*** Opening of Task input ***

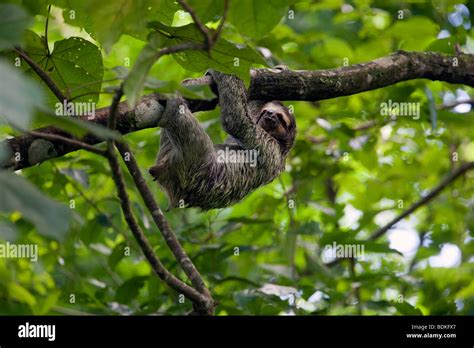 Three-toed Sloth - Manuel Antonio National Park, Costa Rica Stock Photo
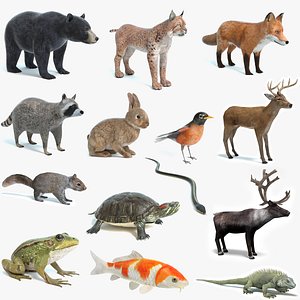 Animal Collection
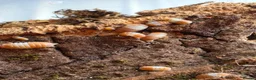 Isopods invertebrates for sale: Red panda and dairy cows isopods  - Advert 1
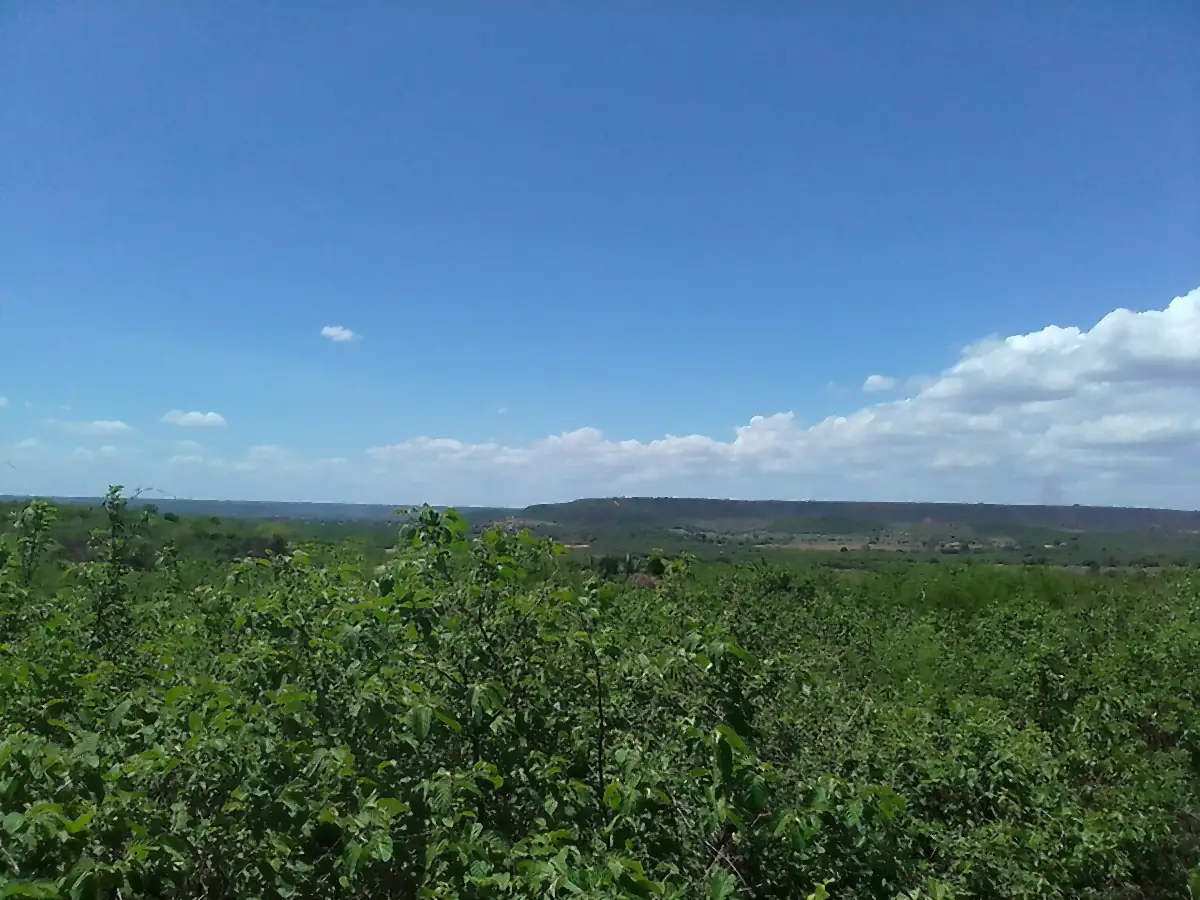 Caatinga verde sob céu azul, com a serra da Chapada do Araripe ao fundo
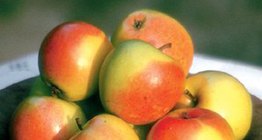 Húsvéti rozmaring alma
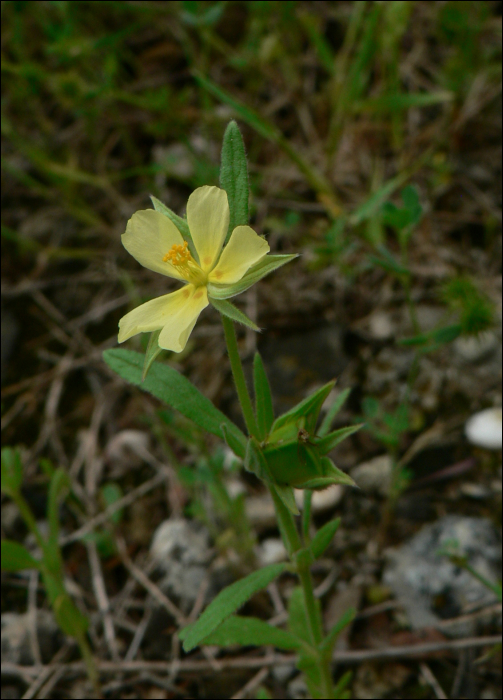 helianthemum ledifolium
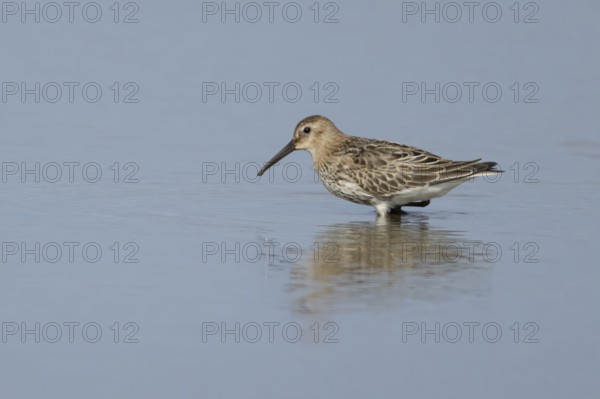 Dunlin (Calidris alpina) adult wading bird in winter plumage in a shallow lagoon, RSPB Titchwell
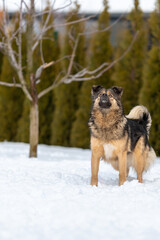  Fluffy brown dog stands on the snow near the tree and looks up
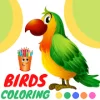 Birds Coloring Game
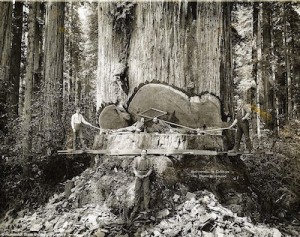 (photo courtesy of the Humboldt State University Library) Loggers pose for a photo in the middle of cutting down a sequoia tree in 1912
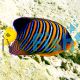 Regal Angelfish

*** Close of Task input ***

Everything from the first line of the entries through the line containing "Birds Coloring Game" is to be transcribed exactly; the pictures are not.

• _Solved problem_
 Three-toed Sloth - Manuel Antonio National Park, Costa Rica Stock Photo
 Animal Collection
 Isopods invertebrates for sale: Red panda and dairy cows isopods  - Advert 1
 Caatinga verde sob céu azul, com a serra da Chapada do Araripe ao fundo
 Húsvéti rozmaring alma
 helianthemum ledifolium
 Dunlin (Calidris alpina) adult wading bird in winter plumage in a shallow lagoon, RSPB Titchwell
  Fluffy brown dog stands on the snow near the tree and looks up
 Birds Coloring Game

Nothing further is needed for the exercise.